Notifications You must be signed in to change notification settings

fedesss98/kc-predict

Repository files navigation

Kc predictions via ETa ML models

A. Pagano, F. Amato, M. Ippolito, D. De Caro, D. Croce

Here lies the code to predict Evapotranspiration (ETa) and thus the Crop-Coefficient (Kc) of a given crop using Machine Learning (ML) models. This code produces predictions of ETa .

The most updated version of this code is currently in development in the branch better-interface.

Data pipeline is as follows:

  • Preprocessing Data
    • Scaling
    • Missing measures Imputation
  • Training Models
  • ETa Prediction
  • Postprocessing
    • Seasonal Decomposition
    • Filtering
    • Evaluation

How to use this code

First things first, you need to clone this repository and pull changes from better-interface branch.

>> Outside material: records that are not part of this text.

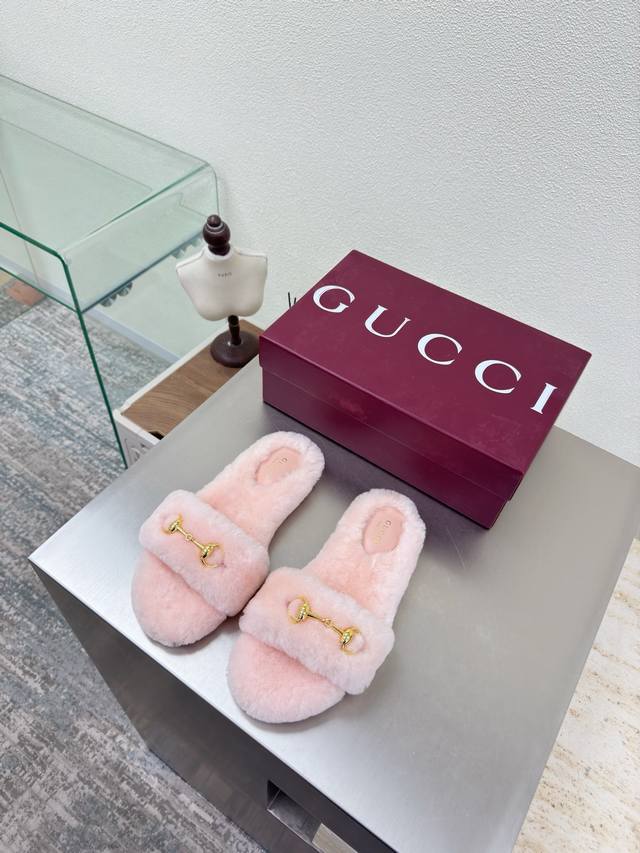 马鞍扣装饰 一字羊毛拖鞋 Gucci Gucci 经典马鞍扣配饰 搭配羊毛材质 粉色 时尚的品牌Logo持加，具有超辨高识度各品大争牌恐先推后出超系跟高列Guc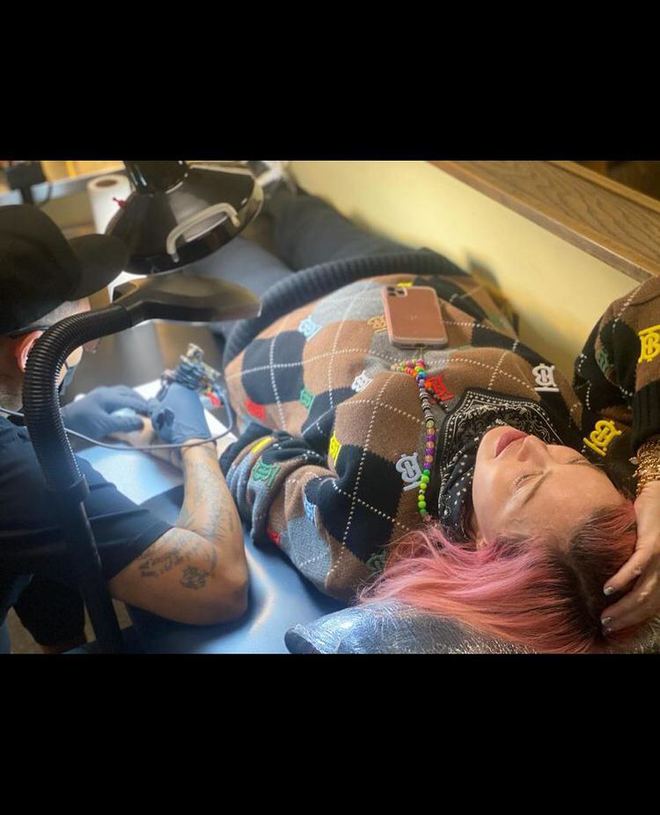 Мадонна набила тату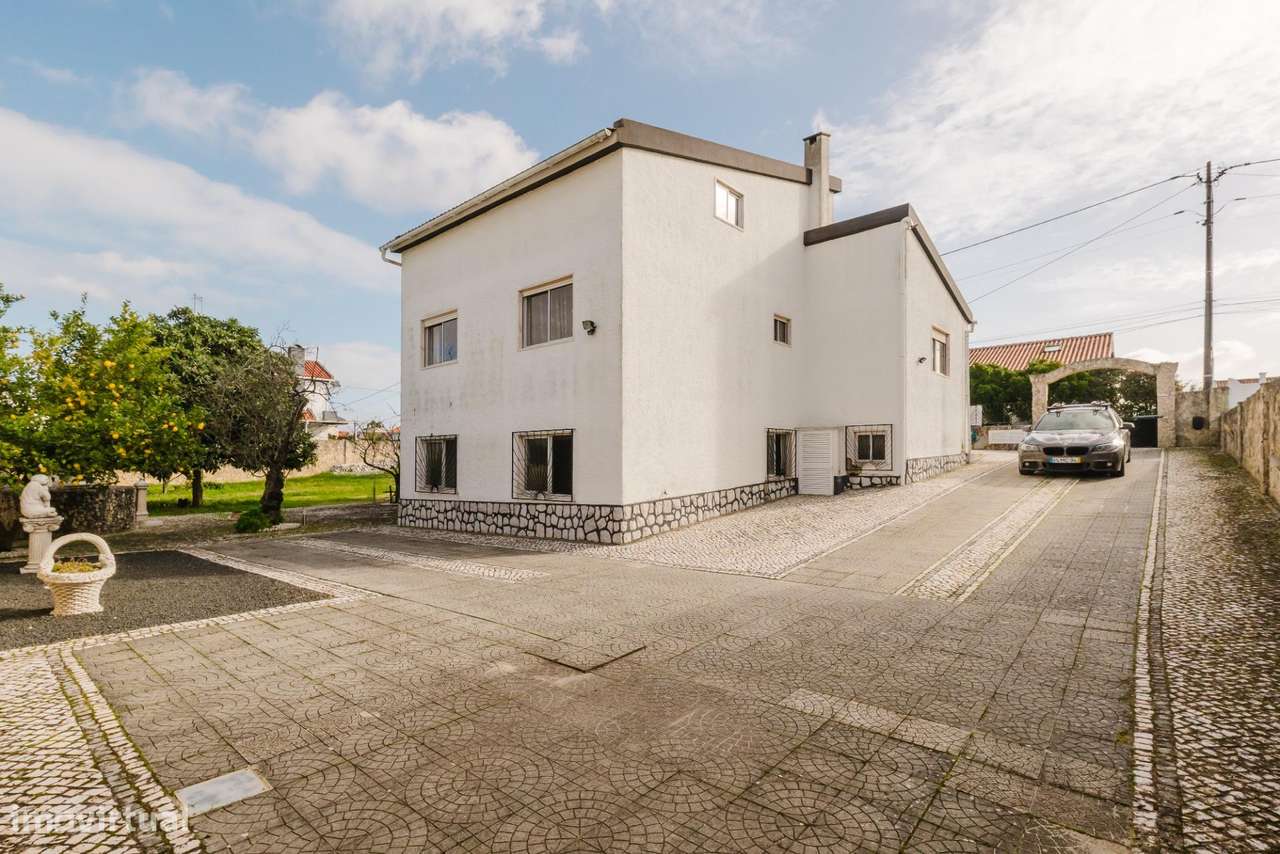 Moradia Independente T4 com Lote de 1.000 m2 em Fernão Ferro-5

Start creating a new folder where you want to place this code. Install Git in your machine and clone this repository in that directory:

git clone https://github.com/fedesss98/kc-predict.git

The created kc-predict directory will be your Root Folder. Now create a new local brach and checkout into it,

git checkout -b better-interface

Then fetch new commits from the remote repository

git fetch

and pull changes in the current local better-interface branch,

git pull origin better-interface


You will need Python along with different libraries to run this code: the easiest way is to set up or update a Conda Environment using the file environment.yml.

$conda env create --file environment.yml

By default, the environment is named ml, but you can change it in the environment.yml file. Activate the environment with

$conda activate ml

Now you're ready to run this code.

All the setting up for this workflow happens in the file config.toml, and the program is executed running the file run.bat---both located in the Root Directory---without messing with the actual code. Alternatively, you can run the main script kcpredict/kcpredict.py. All you need to do as a user is setting up your configuration file, then all the pipeline is run from start to finish, figures are shown and the output is saved.

Setting the Configuration

Configuration file is written in TOML format which make it easily readable. Settings are divided according to the data pipeline shown before. It is all based on an input/output logic that consent to personalize project folders structure. Each step of the pipeline reads data in an input folder and save processed data in an output folder. An example of a configuration file is given, named example_config.toml. Start making a copy of it and renaming it config.toml before changing parameters.

Configure the Project

Every run of this program is to be considered a new instance of a project. Every project should have its directory. There are two parameters to set up a new project: id and project_dir. The ID is a wildcard you can use to give a name or identify a specific run, but it's never used internally. The Project Directory configure the root folder for the run: all paths for inputs and outputs are specified from that location, except for the position of the initial input. This is not to be confused with the Root Folder which is the place where all this code lies.

Project Directory should be an absolute path like C:\users\fedesss\kcpredict\my-new-run or a relative path from the Root Directory like .\my-new-run. The program creates this directory if it does not exist, along with all other directories specified in the configuration file. Moreover, a copy of the configuration file is pasted in this folder. Also, data are copied from their location to this Project Directory.

Configure Dataset

To set up the initial creation of the raw dataset, use the tag [make-data]. You can set:

  • input_file specify the name and location of data file (CSV or Excel or Pickle) relative to the Root Folder .
  • output_path specify the location relative to the Project Directory where to save the raw data DataFrame in pickle format, under the name of data.pickle.
  • visualize is a flag used to show or not the raw data series.

Preprocess Data

Use the [preprocess] tag to set preprocessing options. Here data are scaled and imputed, and separated in a train/test dataset and a prediction dataset, where there are no measures for the target quantity to predict. Also, test/train data are split into folds to cross-validate each model on them.

  • input_path specify the relative location of the file data.pickle;
  • output_path specify the location of the test dataset and all the training folds;
  • features lists all the feature names as they appear in the CSV or Excel file;
  • scaler can be "Standard" or "MinMax" based on the choice of scaling;
  • folds is the number of equal folds in which data is split
  • k_seed is the initial seed for the K-folding algorithm
  • visualize is a flag used to show or not the preprocessed data series.